- Raanjhan song cover featuring actors Kriti Sanon and Shaheer Sheikh

Song by Parampara Tandon

from the album Do Patti
- Language: Hindi
- Released: 4 October 2024
- Recorded: 2023
- Length: 4:00
- Label: T-Series
- Composer: Sachet–Parampara
- Lyricist: Kausar Munir

Music video
- "Raanjhan" on YouTube

= Raanjhan =

Song performed by Parampara Tandon

"Raanjhan" is an Indian Hindi-language song for the soundtrack album of the 2024 Netflix Hindi film Do Patti. It was performed by Parampara Tandon with music composed by the duo Sachet–Parampara. The lyrics were penned by Kausar Munir. The song was released on 4 October 2024. It was the first single released from the film's soundtrack. The music video of the song is picturised on the lead pair of the film, Kriti Sanon and Shaheer Sheikh. It hints at the film's central mystery, showing Kriti's character drinking at a club in sadness while Shaheer looks on disapprovingly.

According to a review from Business Standard, "Raanjhan" effectively captures the "pain and longing that follow a breakup". The publication noted that the calming melody and lyrics resonated with audiences. "Raanjhan" accumulated over 300 million streams on Spotify. The song peaked at #1 on "India Songs" for consecutive five weeks through 5 April 2025 to 3 May 2025. The song peaked at #3 on "Official Asian Music Chart" for consecutive three weeks through 3 January 2025 to 17 January 2025. It also entered the "Billboard Global 200" chart and peaked at the 194th position in the week of 26 April 2025. "Raanjhan" peaked at #86 on the "Billboard Global Excl. US" chart, in the week of 26 April 2025. On the "UAE Mena Chart", the song peaked at #11, in the week of 28 March 2025.

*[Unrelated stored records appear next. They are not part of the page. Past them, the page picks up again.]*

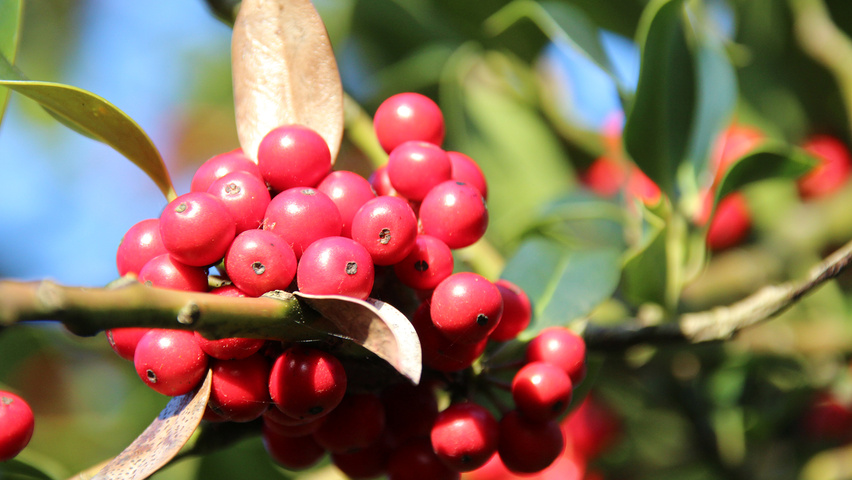 Ilex aquifolium 'J.C. van Tol' fruits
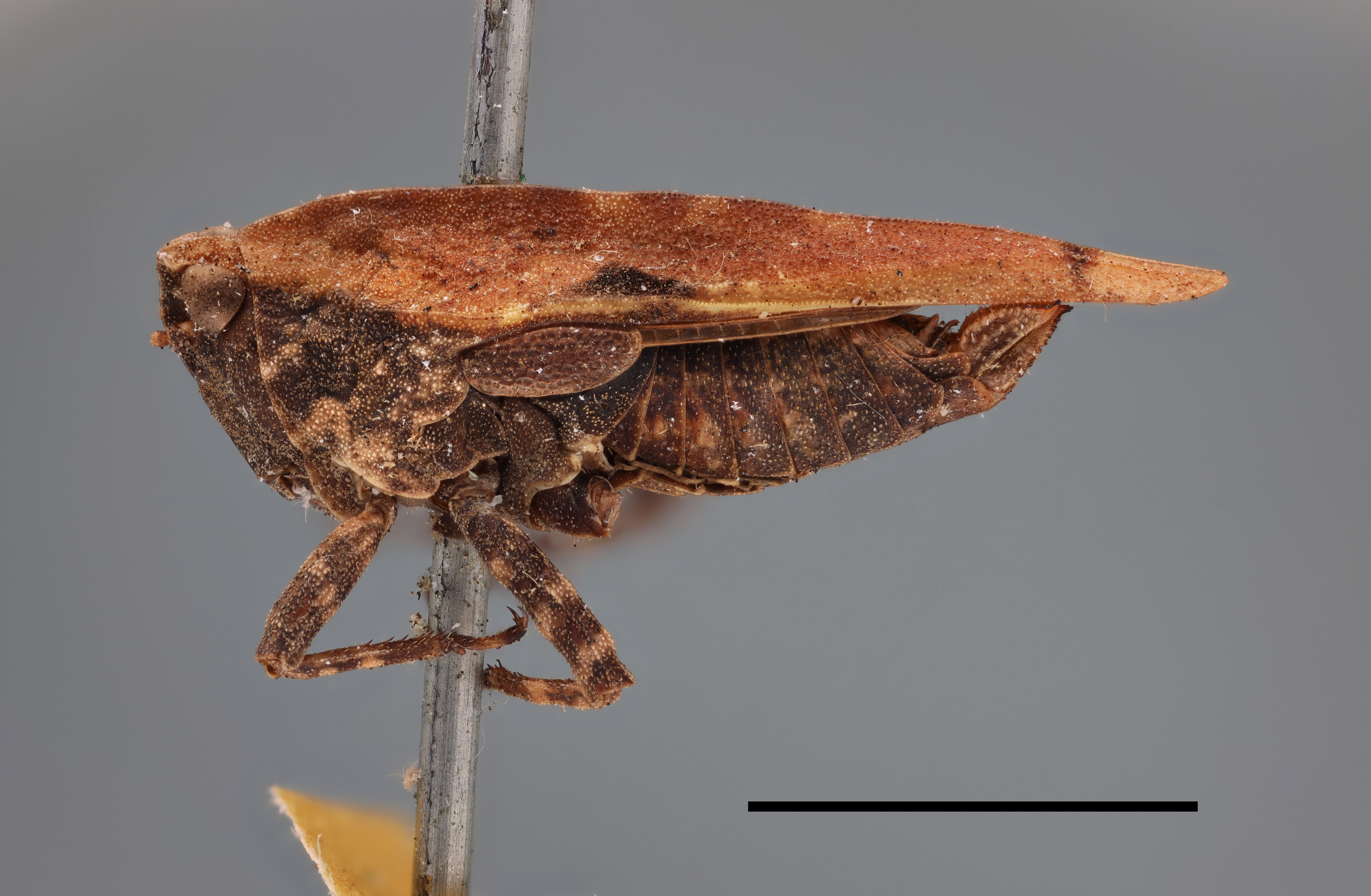 female (lateral view), syntype (scale bar 5 mm). Depicts CollectionObject 1596023; 09620445-73aa-4113-9816-9ede1fdbe31d, MZLU178061, a CollectionObject.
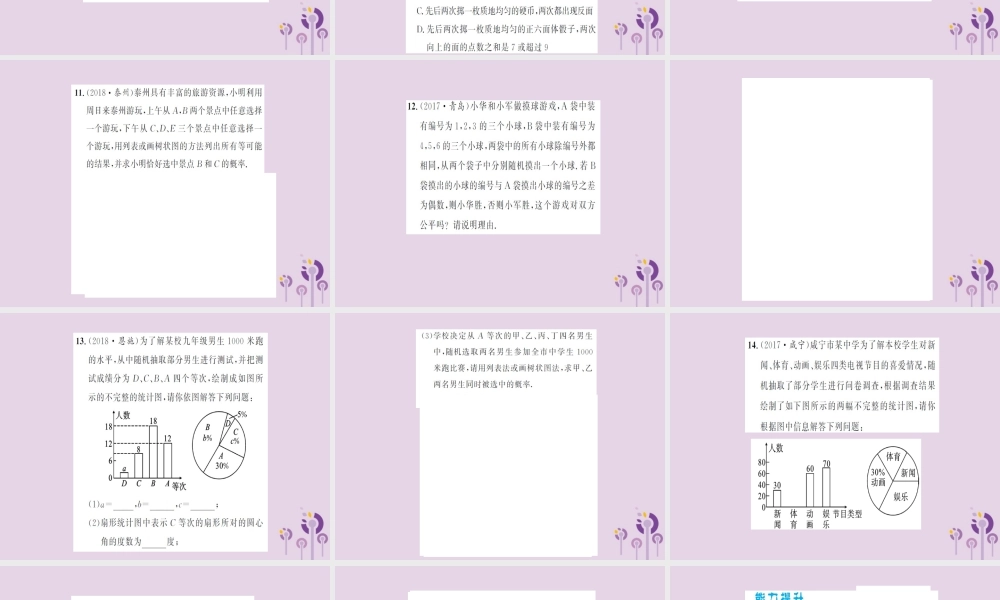 湖北省中考数学一轮复习 第八章 统计与概率 第二节 概率(习题提升)课件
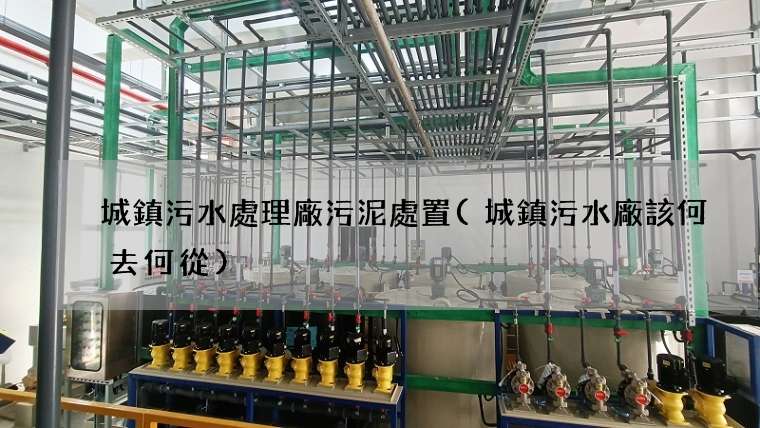 城鎮污水處理廠污泥處置(城鎮污水廠該何去何從)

In August 2025, nearly a year after its release, "Raanjhan" was at the center of a plagiarism controversy. International music producer KMKZ had claimed that the T-Series label and the composing duo Sachet-Parampara had copied his beats without permission or credit. In response, the composing duo denied the plagiarism claims and also announced they are pursuing legal action, including filing a defamation case against the producer.